SABLUDOWSKY: Yes we are. And the number is, as I appreciate it, the number that has been used in the media and the legislature has been $1.6B dollars which for a less than 25 billion-dollar budget, I mean that's pretty substantial so does GNO Inc. have say a policy position, a legislative position yet, or you're all, any type of programs that you want to talk about?

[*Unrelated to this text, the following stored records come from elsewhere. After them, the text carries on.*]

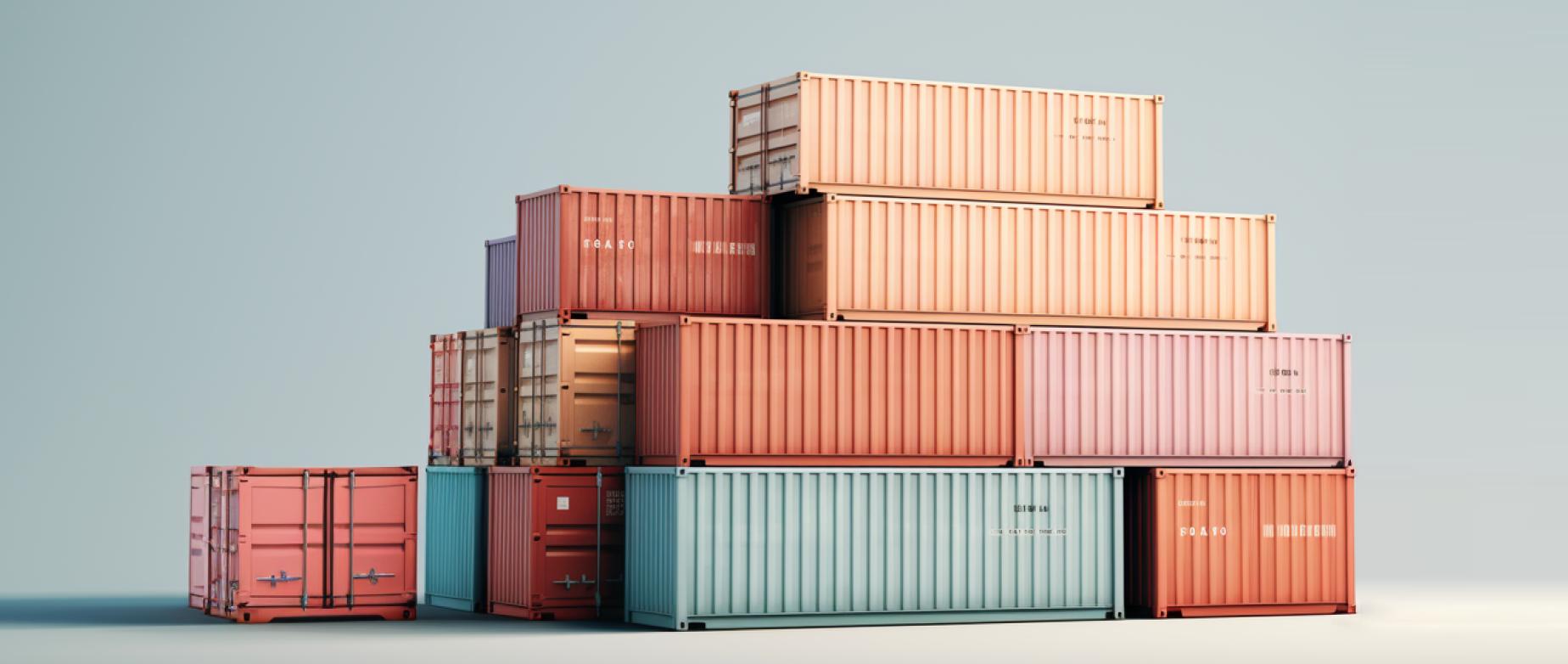 Qu'est-ce que la logistique ? Signification, avantages et exemples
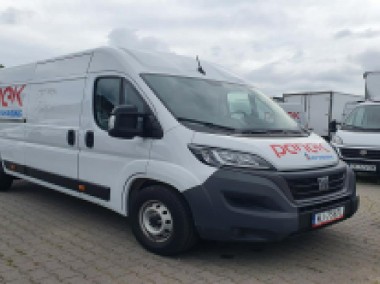 Fiat Ducato-1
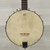 Used Savannah SB-070 Banjo 40015-S000337549 View 1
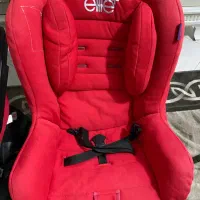 صندلی ماشین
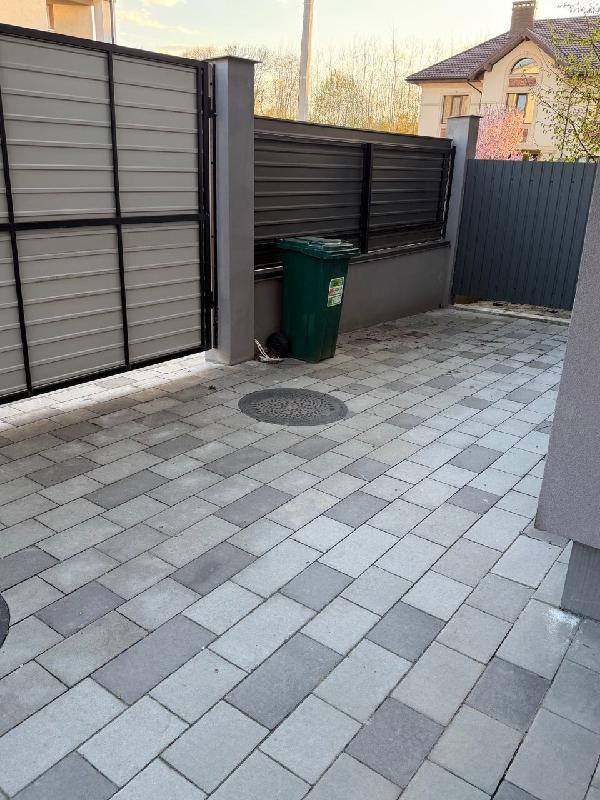 будинок продам cмт Рудне, фото 17 з 18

HECHT:Well we definitely have a framing, I guess you would call it, on the current session and, I think the point you made is an incredibly important one, to keep talking about, is that we have to unpack the very real public sector challenge with a deficit, unpack that from the very real private-sector progress . We want to make sure that when were fixing the public sector problem that were not undermining the private sector. We want to make sure that when we're fixing the public sector deficit problem, that we're not undermining the private sector progress--that we don't throw the baby out with the bathwater. And so that's what we're getting the word out about in terms of the public sector and the deficit what's causing this a number of things that have come to bear: The repeal of Stelly in terms of personal income taxes, the Katrina money being over, the oil price drop, the 2008 recession--all these things have come together-- what they mean is that will lost about 5 billion of revenue from the peak in 2008. At the same time, our spending, has basically been flat at the state level and that's why we have the deficit. Revenues going up like that, spending like that and you end up underwater pretty quickly. But, at the same time, you've got to look at the data and Steve you can look at the most basic data, non-farm job growth and you can see that for the four decades before Katrina, we under-performed the nation by half. The nation grew 80% we moved 40%, places that we compete against like Houston and Atlanta group 200%. Looking at the exact same data just going back to 2008, we have been performing alongside places like Houston and Atlanta. Houston and Austin, roughly, at the very best. So, It really is happening but again it take some time. When the governor makes an announcement about an 1000- person operation that's opening up--what's not said is that those 1000 jobs are going to come online in about 10 to 12 years. There is a timing delay. So people who have been demanding results of this growth today in terms of the tax revenue actually don't understand that were actually talking short-term future growth not immediate impact and so it's important to make sure that we get the timing in perspective.